The murder of Cora and the suicide of Nancyann happened about two decades apart, so it seems unlikely that the stories would have been conflated early on.

Schlichter could not find any evidence that the ghost of Cora story existed prior to the mid-60s. That was the earliest he could find of anyone talking about ghost stories on campus. Dr. Hellen Russel came to teach theater at Wayne in 1958 and she had an interesting impact on the college.

A Possible Origin

Dr. Russel loved ghost stories. She was the person students would go to hear tales of the afterlife from. She is quoted in an article published by the Lincoln Journal in 1983 saying, “theatre lore dictates that every old theatre must have its ghost.”

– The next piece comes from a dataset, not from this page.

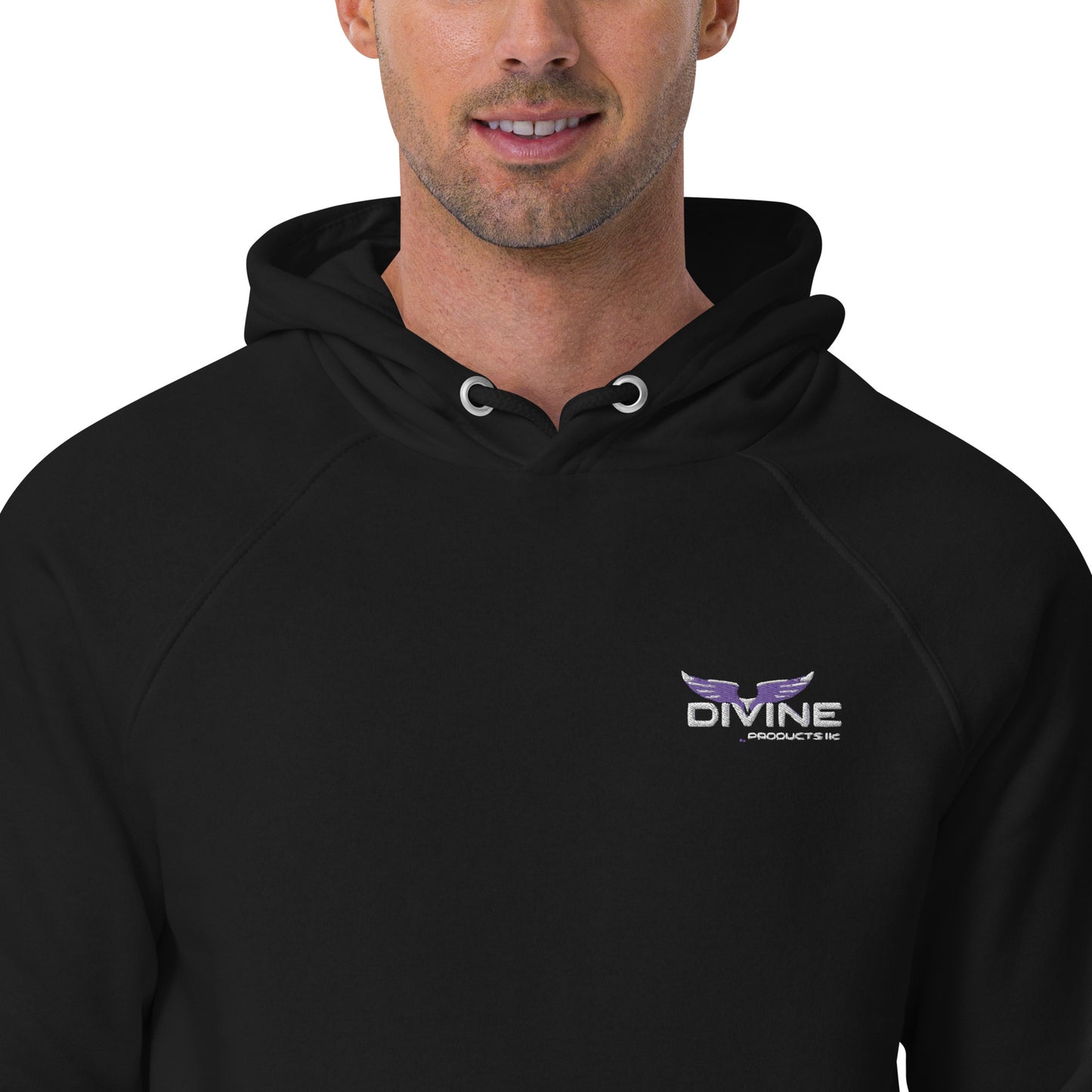 Divine Unisex eco raglan hoodie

She had no problem talking about the ghosts haunting the campus. It could be that the traumatic stories of Cora and Nancy’s deaths were brought up at some point and a story was crafted from them, combining parts and removing or changing certain details. It is also possible that over the years the stories had already blended together. Without the ability to ask her, it may never be known for sure.

Since then, the legends involving the ghosts of Wayne State College have only been cemented into the campus’s culture. An article in the Wayne Stater from 1991 says students on the second floor of Neihardt had made contact with a spirit that called itself Cora.

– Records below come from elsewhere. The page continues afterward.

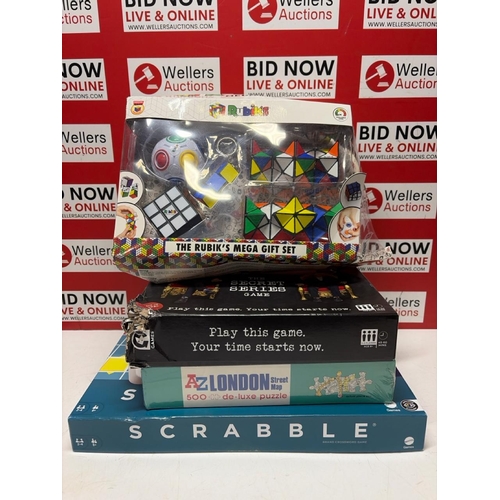 3058 - X4 MIXED GAMES AND PUZZLES INC. RUBIKS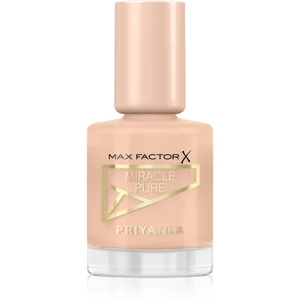 Max Factor x Priyanka Miracle Pure pečující lak na nehty odstín 216 Vanilla Spice 12 ml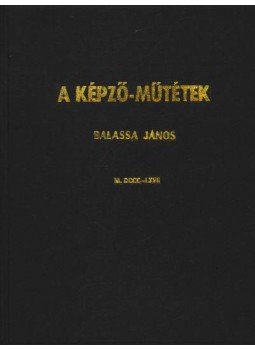 Balassa János - A képző-műtétek Balassa János - A képző-műtétek, Pest 1867 antikvár könyv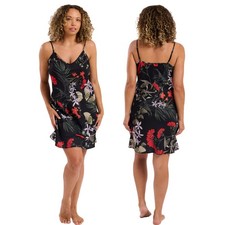 Black Tropical Floral Bloom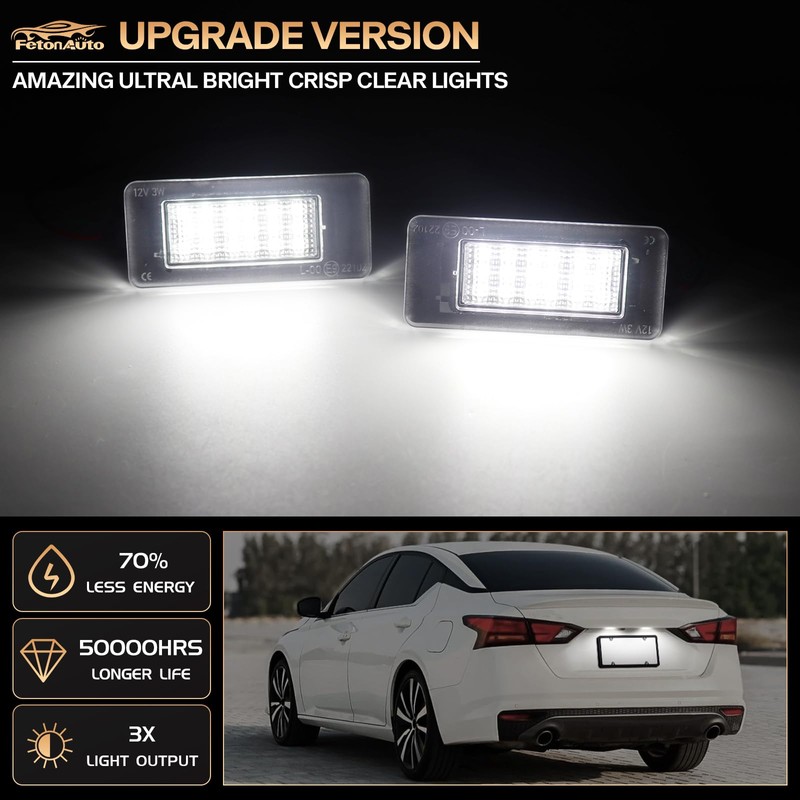 2PCS LED License Plate Light For 2019 2020 2021 2022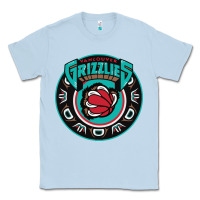 Dusty Blue vancouver grizzlie retro Classic Tee - linhVisuals
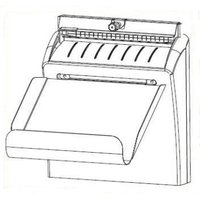 Zebra printer/scanner spare part Cutter, white with a curved front panel and multiple slots.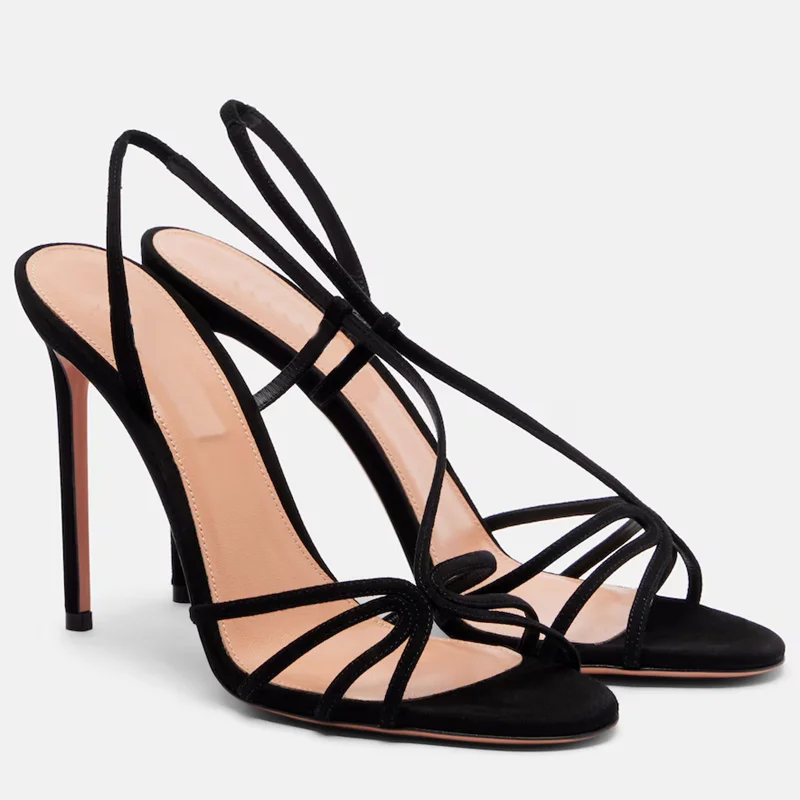 Narrow Band One Word Belt Sandals Sexy Pointed Toe Solid Leather Suede Accept Customized New Arrivals Fashion Women Modern Shoes
Narrow Band One Word Belt Sandals Sexy Pointed Toe Solid Leather Suede Accept Customized New Arrivals Fashion Women Modern Shoes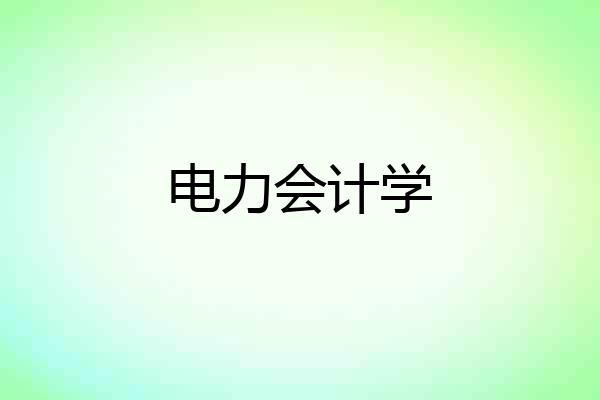 电力会计学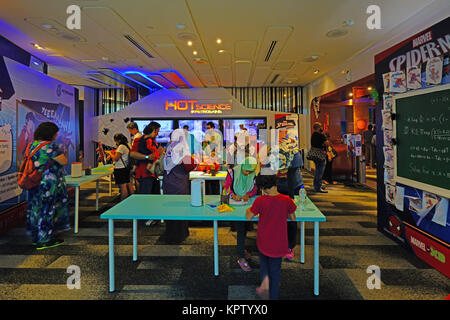 View of Petrosains, The Discovery Centre, a science and technology museum located in Kuala Lumpur, Malaysia Stock Photo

The story claimed that in the early 1900s, Cora discovered she was pregnant and was scared to tell her parents, so she hung herself in the basement of Neihardt. A major problem with the story, Schlichter pointed out, was that Neihardt hadn’t been built in the early 1900s. It was finished in 1930, and there are no records of anyone named Cora hanging herself there at any point in its history.

Unfortunately for the diehard paranormal believers, it is unlikely that there was a girl named Cora that actually committed suicide in the basement of Neihardt Hall. There just isn’t any evidence to back that up. But that does not discredit any experiences that students have had there. It leads one to ask the question of who, or what may really be haunting the halls of Neihardt?